Le site de Nicolas Moutier
Olivier-Marc Nadel
Comment avez-vous abordé le suivi pédagogique à distance ?
De deux façons : en suivant les étudiants par Discord ou par mail de façon régulière avec des rendez-vous dédiés, en croisant des outils numériques et en inventant de nouveaux protocoles.
Par exemple, l’atelier de Didactique Visuelle a mis en place un cours de dessin de presse sur Jamboard croisé avec Discord qui s’avère être très efficace. La dynamique de groupe est au rendez-vous. Chacun travaille en temps réel sur son board avec les thématiques de l’actualité internationale tout en échangeant avec les enseignants. Tous les tableaux sont « ouverts » et permettent de circuler virtuellement pour observer le travail des autres, c’est redoutable et stimulant !!
Dans quel état d’esprit étaient vos étudiants ?
J’ai toujours beaucoup d’admiration pour ces jeunes qui se lancent dans des métiers artistiques souvent exigeants et anxiogènes (j’insiste sur le mot noble de « métier » qui signifie la maîtrise d’une pratique).

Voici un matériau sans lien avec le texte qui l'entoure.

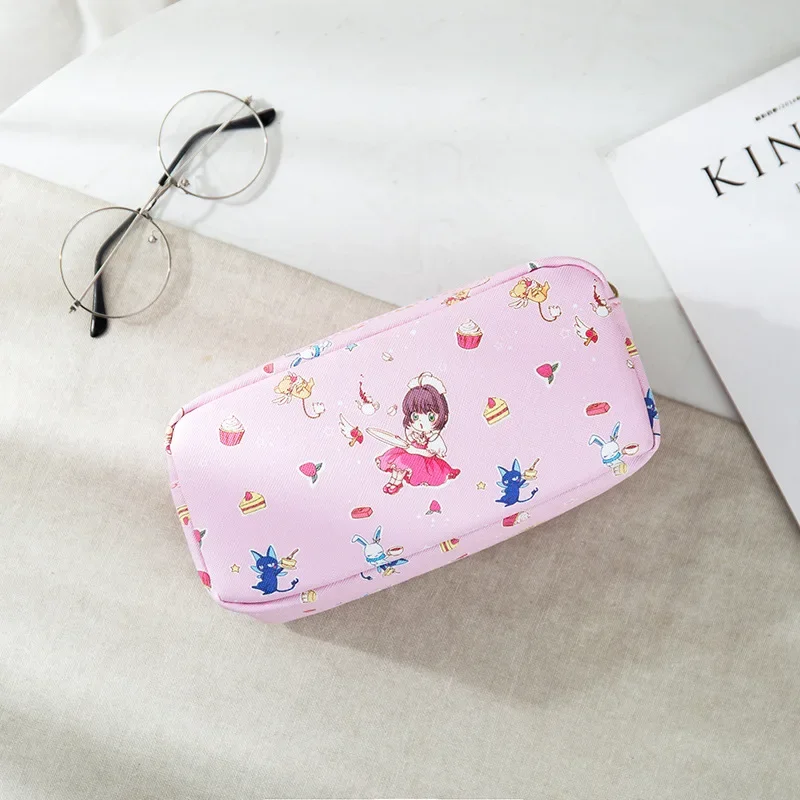 Anime Card Captor Sakura Pencil Case School Student Cosplay Pen Bag Stationery Make Up Bag Handbag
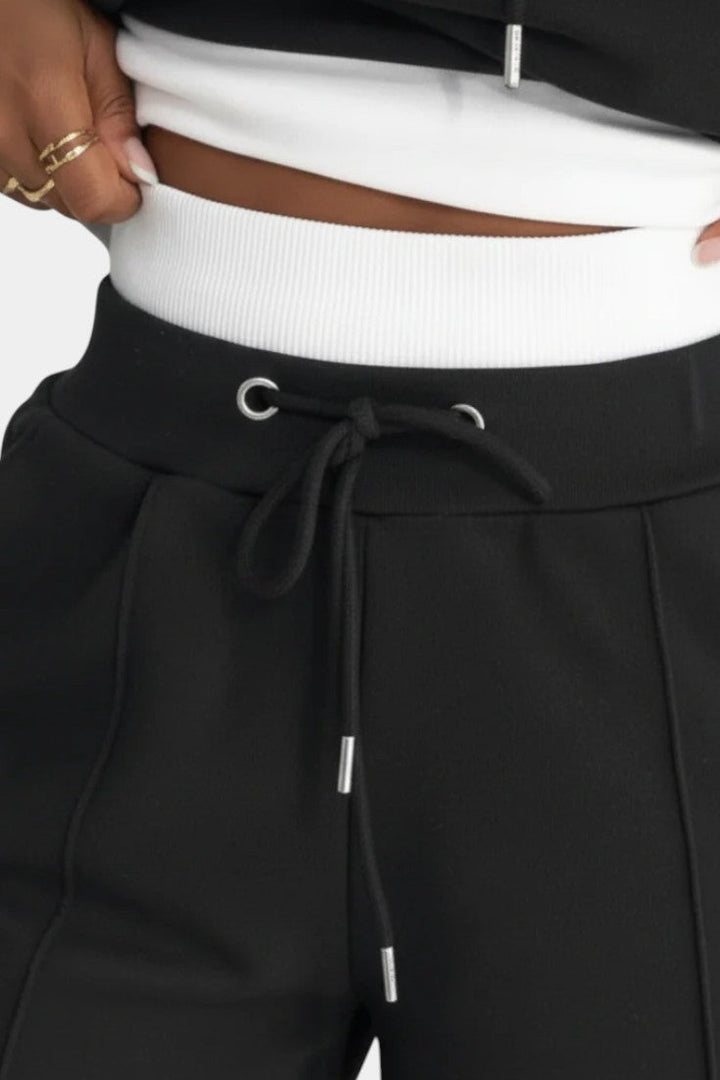 Tiziana Oversize Two-Piece Hoodie & High-Waist Pants Set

Un peu perdus au début, comme nous, ils se sont rapidement approprié les nouveaux outils de communication et les protocoles mis en place même si rien ne remplace la présence et l’échange symétrique de connaissances. S’attacher à un projet, à une commande, permet de se donner un objectif et j’ai senti les étudiants très conscients de ce besoin, très demandeurs.
Quels enseignements tirez-vous de cette période ?
Que Sapiens est un être social !
J’ai l’habitude du confinement volontaire en atelier pour faire aboutir mes projets et je sais que certaines pratiques ne souffrent pas de ces changements. Au contraire, l’obligation d’intégrer de nouvelles technologies à distance nous amène à nous réinventer sans cesse.
En revanche, ces ermitages forcés nous rappellent que les rapports humains et les échanges sont dans notre ADN. Ils sont indispensables à notre envie de créer et de questionner le monde.